The notes suggest adjusting cooking times for different pasta types and offer vegetarian variations using beans or potatoes. These adaptations allow flexibility for dietary preferences while keeping the overall method straightforward.
Ingredients
- 1 tablespoon olive oil
- 2 tablespoons garlic minced
- 1 yellow onion diced, medium
- 3 carrot peeled and sliced
- 1½ cups tomato sauce love rao's marinara
- 1 pound chicken breast skinless, boneless; or thighs
- 2 teaspoons kosher salt
- 2 cups water
- 10 oz spinach tortellini fresh
- 1 teaspoon parsley optional, dried or fresh
- 1 teaspoon red pepper flakes optional
- 4 ounces baby spinach or baby kale
- 2 tablespoons Parmesan Cheese optional, grated
Instructions
- Set the Instant Pot to Saute mode and heat oil. Add garlic, onion, carrots, tomato sauce, chicken, salt, and water. Give a quick stir. Secure lid with pressure valve to sealing.

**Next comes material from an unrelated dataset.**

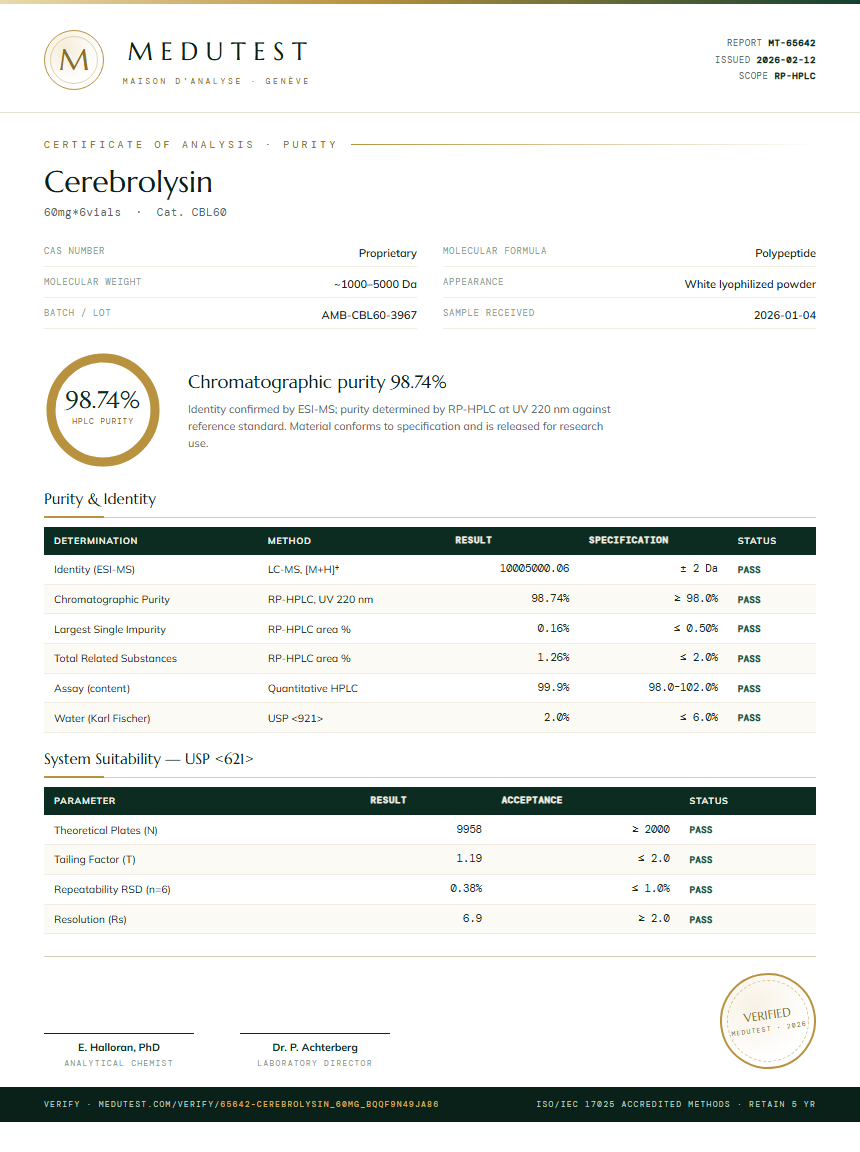 Cerebrolysin Purity (HPLC) report by Medutest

- Select the Manual / Pressure Cook (Hi) setting and adjust the cook time to 8 minutes. Allow natural pressure release.
- Open the Instant Pot, take the chicken out, and shred. Set Instant Pot to saute(more) mode. Optional step - blend the soup partially (about 30 seconds) for a creamier texture using an immersion blender.
- Add tortellini and cook for 2 minutes (follow instructions on the package). Add shredded chicken, parsley, and red pepper flakes. Add more water to bring the soup to the desired consistency.
- Fold in spinach and bring the soup to a gentle boil. Press Cancel. Enjoy hot with grated parmesan.
Notes
- For fresh pasta, cook using the sauté mode as per pasta package instructions since the broth is already hot.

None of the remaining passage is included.